Parkinson’s disease is thought to be caused by missing dopamine neurons. Stem cell research has sought a way to restore the missing dopamine neurons, but often the immune system rejects the transplanted cells.
Lorenz Studer, MD, Head of Stem Cell and Tumor Biology Laboratory, Sloan-Kettering Cancer Center, feels that their latest study reduces the chances that somatic-cell nuclear transfer (SCNT)–or therapeutic cloning–reduces transplant rejection and enhances recovery in diseases and organ systems.
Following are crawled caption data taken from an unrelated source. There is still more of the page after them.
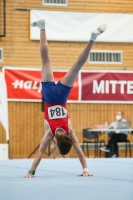 Thumbnail - Niedersachsen - Marcel Graf - Gymnastique Artistique - 2021 - DJM Halle - Teilnehmer - AK 15 und 16 02040_15694.jpg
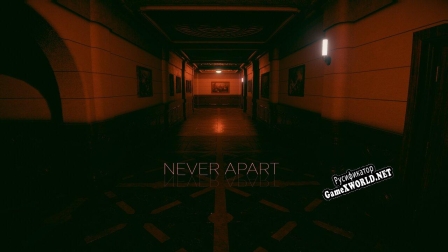 Русификатор для Never Apart
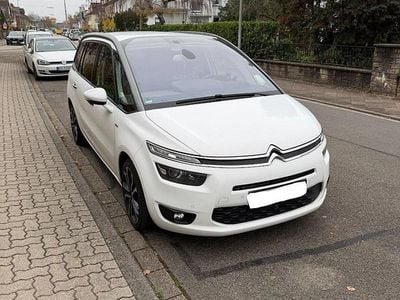 Citroën Grand C4 Picasso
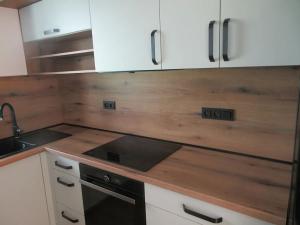 Pronájem bytu 2+1, Brno, Kučerova, 56 m2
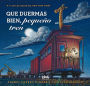 Que duermas bien, pequeno tren (Steam Train, Dream Train)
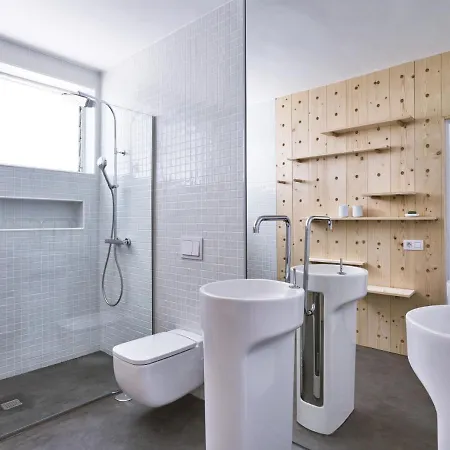 Apartman Carrenoir, Design,nature,views *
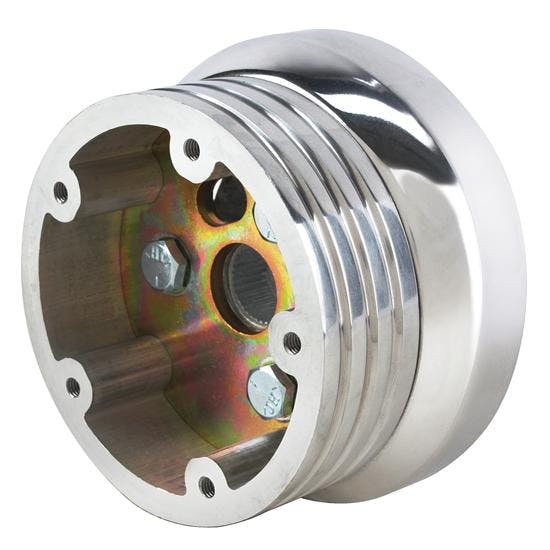 Grant 5196-1 Steering Wheel Adapter to GM Steering Column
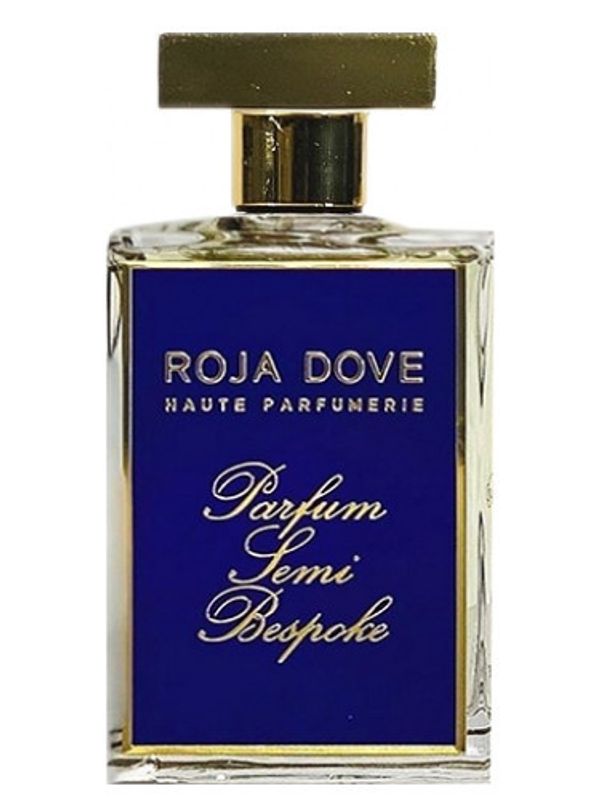 Roja Dove Semi-Bespoke No. 11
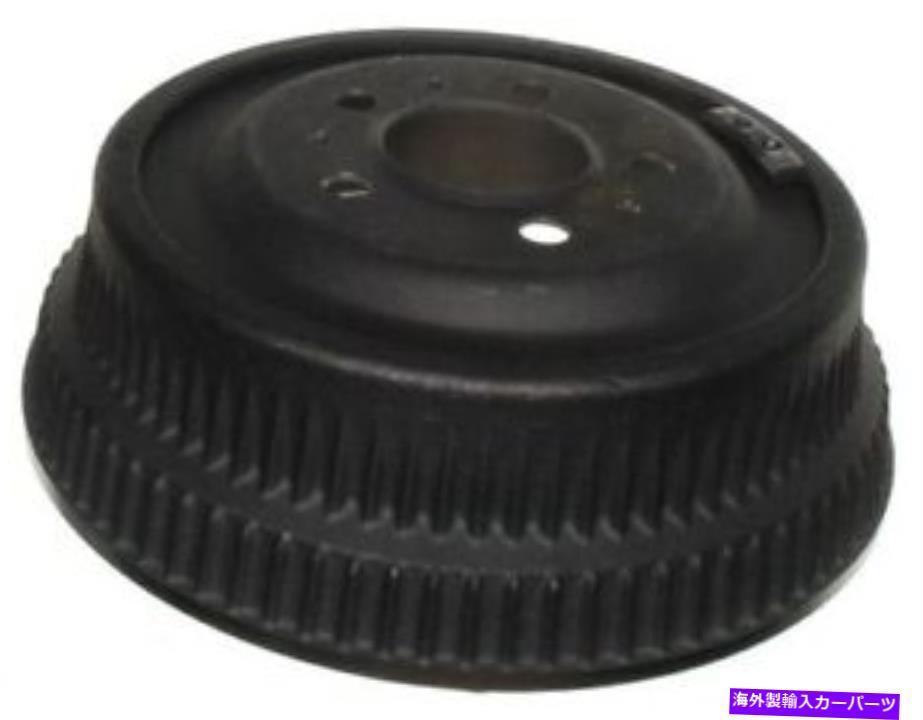Brake Drum レイベスト2513r RAYBESTOS 2513R【並行輸入品】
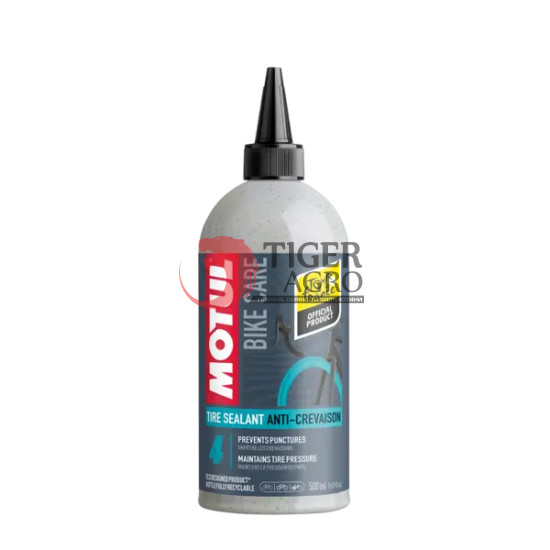 MOTUL Tubeless Tyre Sealant 12x0,500 L (851003 / 111385)
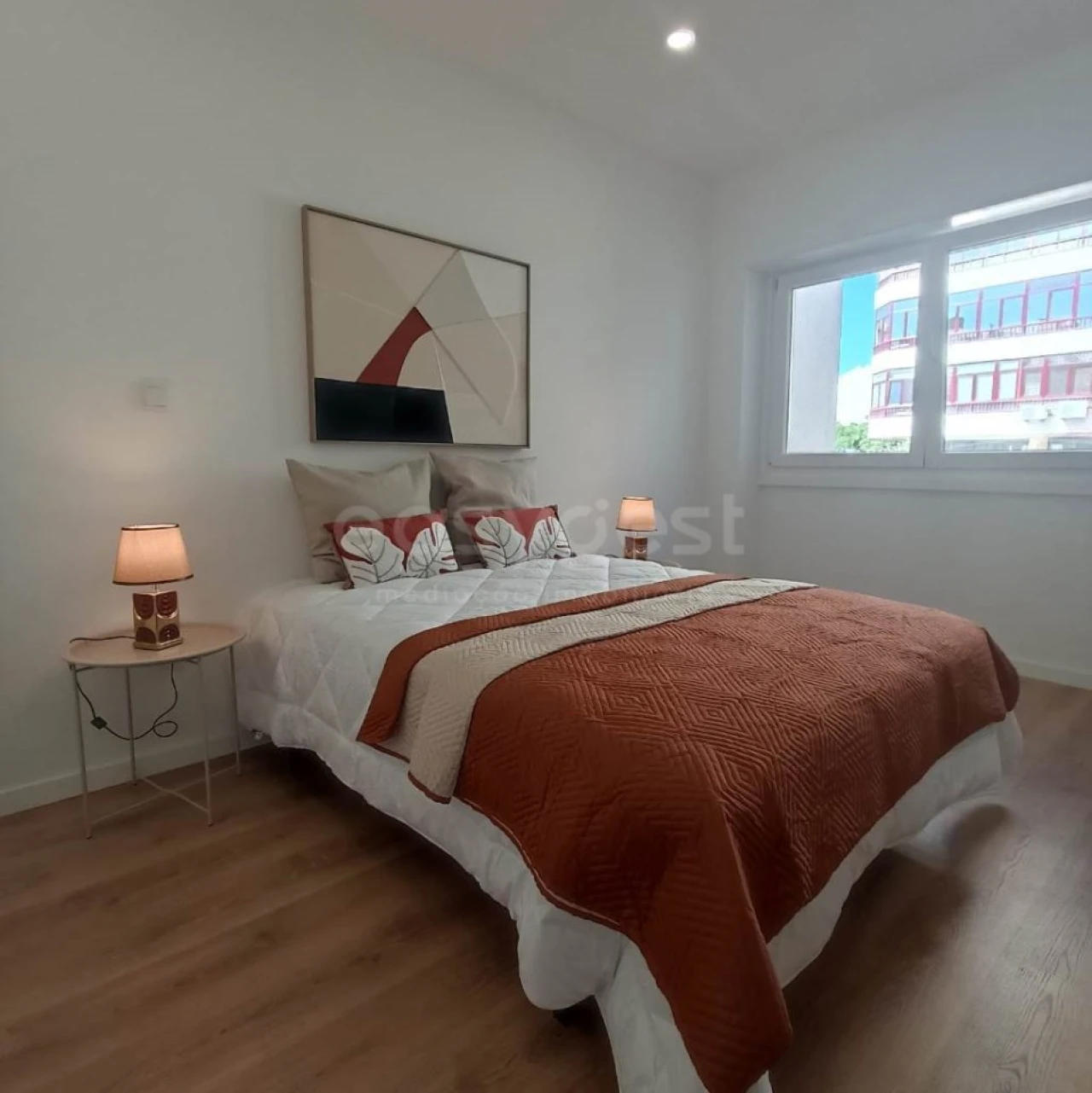 Apartamento T3 para Venda em Benfica Foto 9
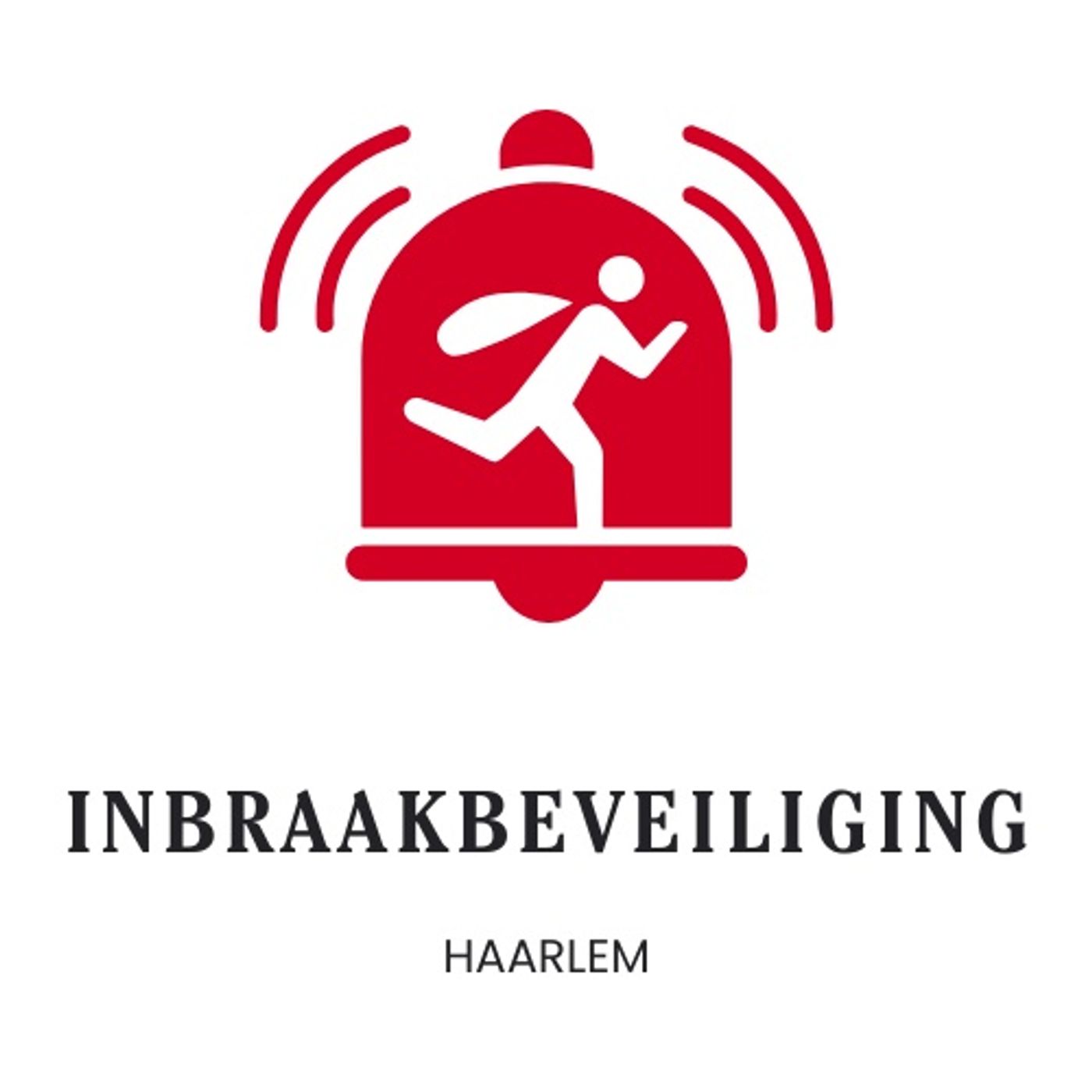 Inbraakbeveiliging Haarlem podcast artwork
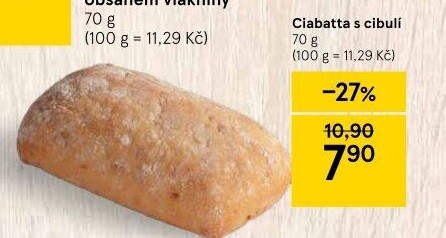 Ciabatta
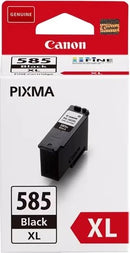 Canon PG585XL Black Ink Cartridge - Office Connect 2018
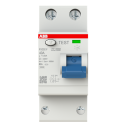 ABB FX202 F-40/0.03 Fehlerstrom-Schutzschalter Typ F 2P...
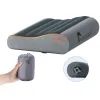 Туристическая подушка Flextail анатомічна Zero Pillow SE сіра (6975755962184) изображение 2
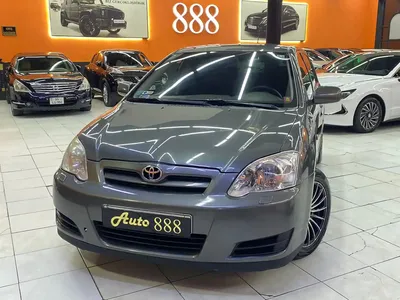 Toyota Corolla, 1.4 L, 2006 year, 269 000 km, Sumgayit - Price: 14 500 ₼ - Tunel.az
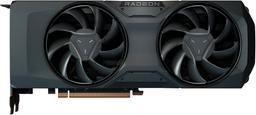 Видеоускоритель AMD Radeon RX 7800 XT (16 ГБ):
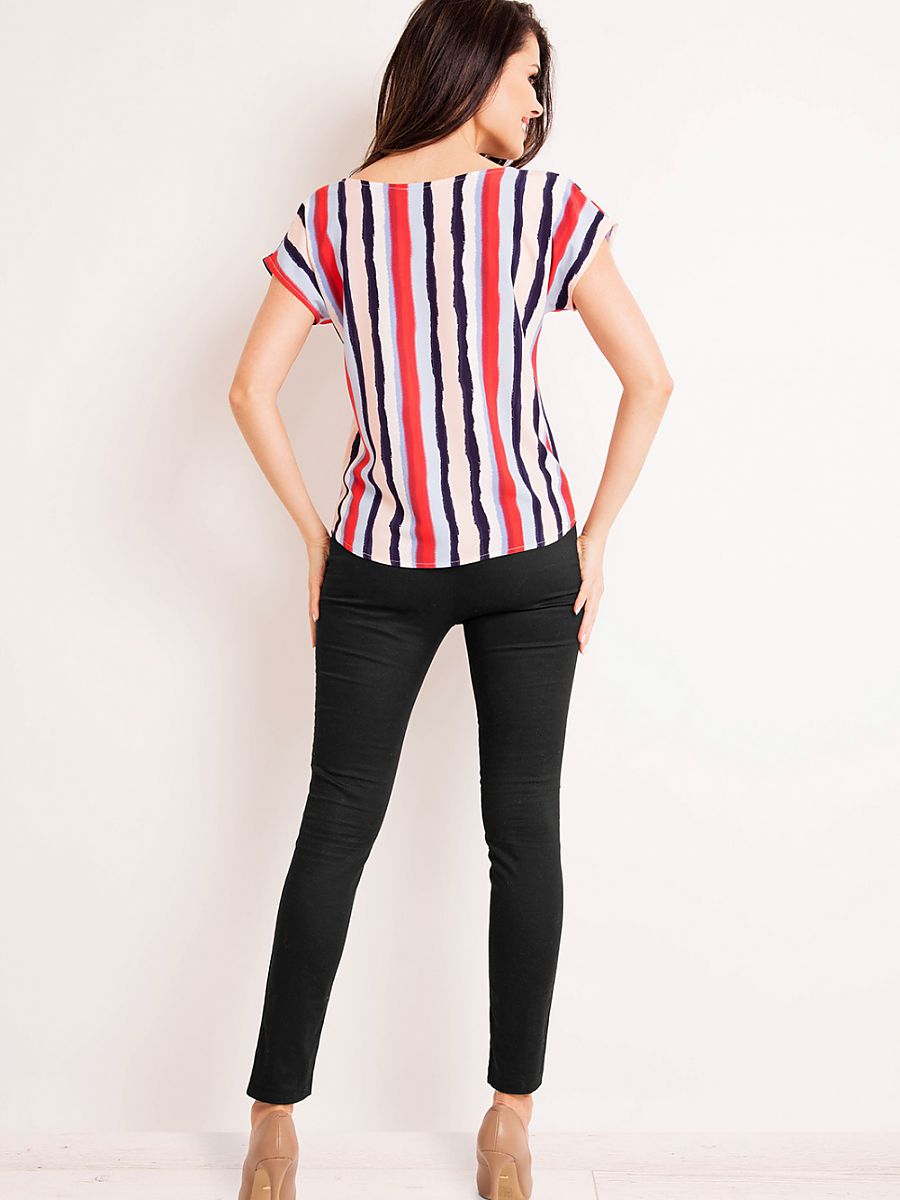  Blouse model 80731 Infinite You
In SCNT the nucleus of a donor subject’s somatic cell is inserted into an egg, which has had the nucleus removed. This cell then develops into a blastocyst from which embryonic stem cells can be harvested for therapeutic purposes. Since the genetic information in the resulting stem cells comes from the donor subject the SCNT has a greater chance of being accepted by the immune system.
Scientist demonstrated the process on mice genetically designed to have Parkinson’s disease. They began by taking skin cells from the tails of mice and generated the missing dopamine neurons–the cause of Parkinson’s–but because they did not attempt to genetically match the transplanted cells, from donor to recipient, the cells did not survive and the mice did not recover.
Using SCNT, where the transplanted stem cells were from the same subject, the immune system accepted the transplanted cells and the mice showed signs of recovery.
Studer’s article appears in the March 23, 2008 online journal edition of Nature Medicine.